• **Your instructions**
Your output must be the lines below from the line containing "Guarnizione Ricambio Pistola" to the line containing "Imagem 4 de 11 de Casa - Ref: 24089", both lines included, reproduced exactly and without pictures.

• **Records provided**
============================================================
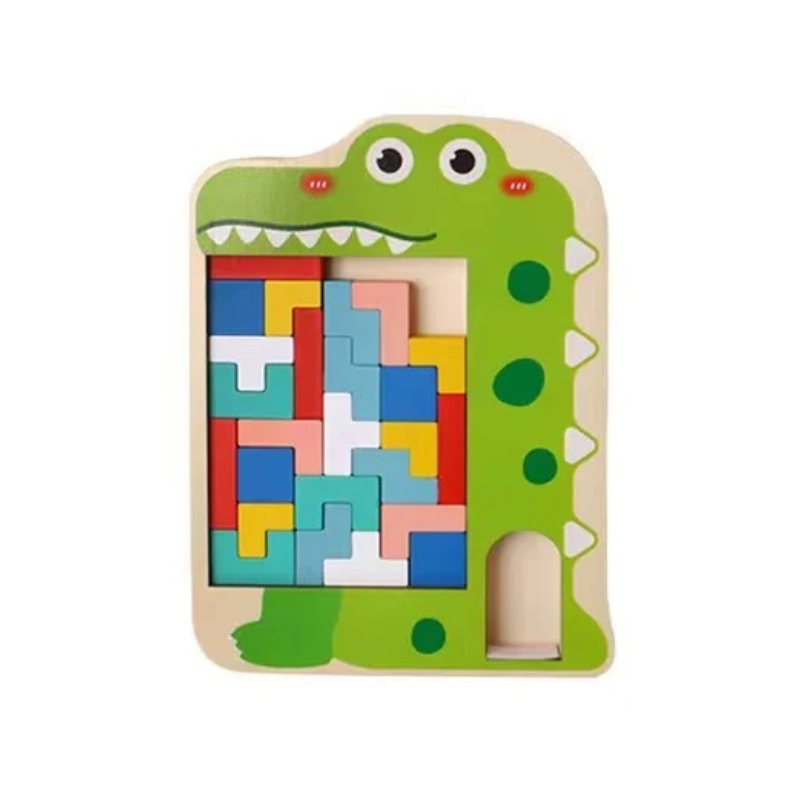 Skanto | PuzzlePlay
============================================================
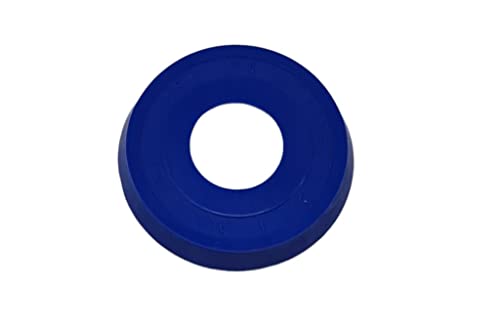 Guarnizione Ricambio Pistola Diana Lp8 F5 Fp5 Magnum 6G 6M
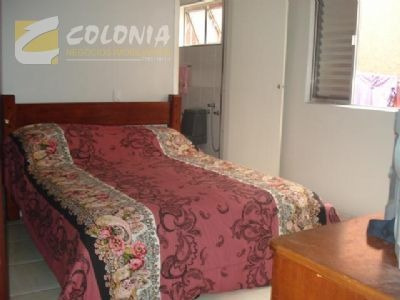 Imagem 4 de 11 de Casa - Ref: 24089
============================================================
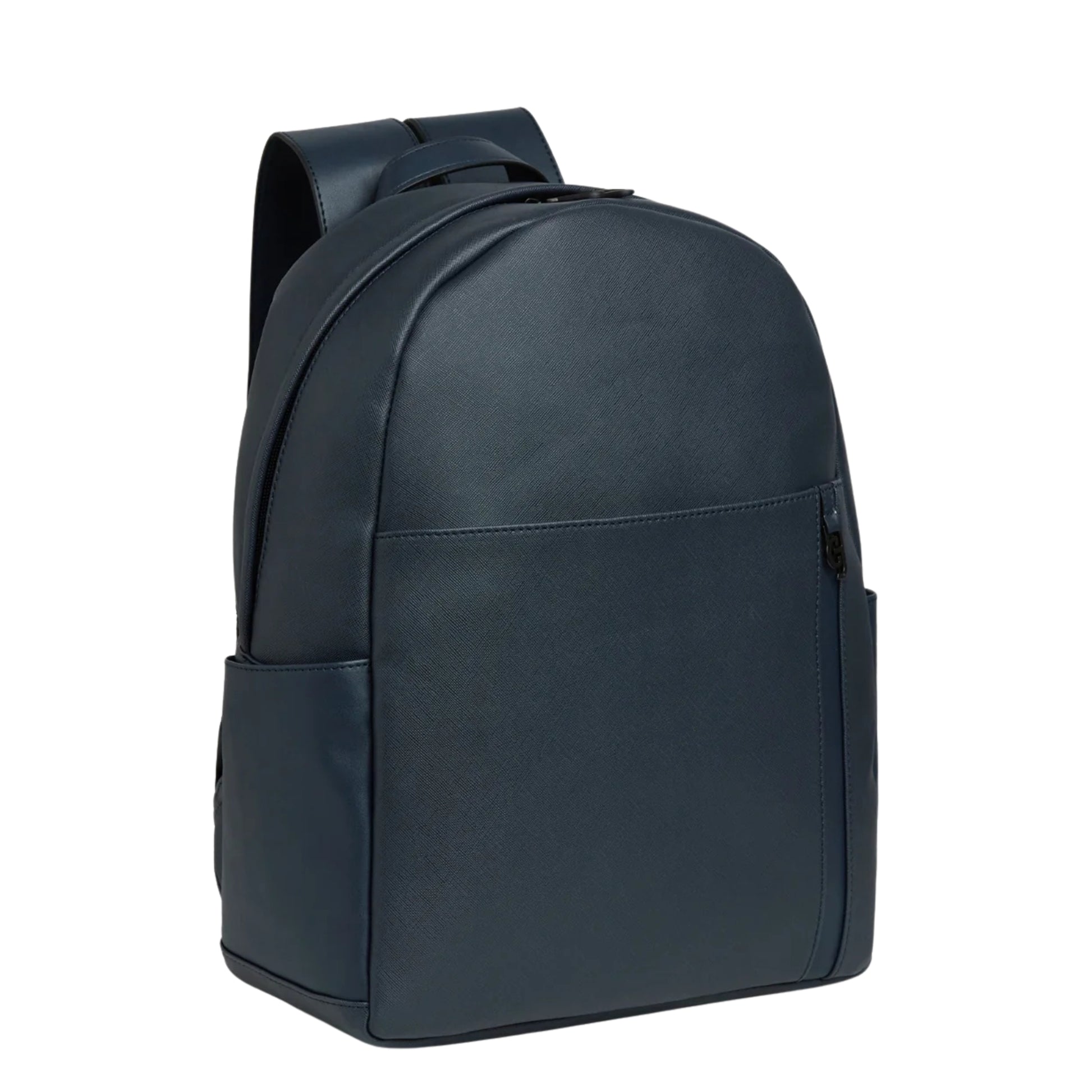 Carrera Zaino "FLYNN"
============================================================
• **Result of this task**
 Guarnizione Ricambio Pistola Diana Lp8 F5 Fp5 Magnum 6G 6M
 Imagem 4 de 11 de Casa - Ref: 24089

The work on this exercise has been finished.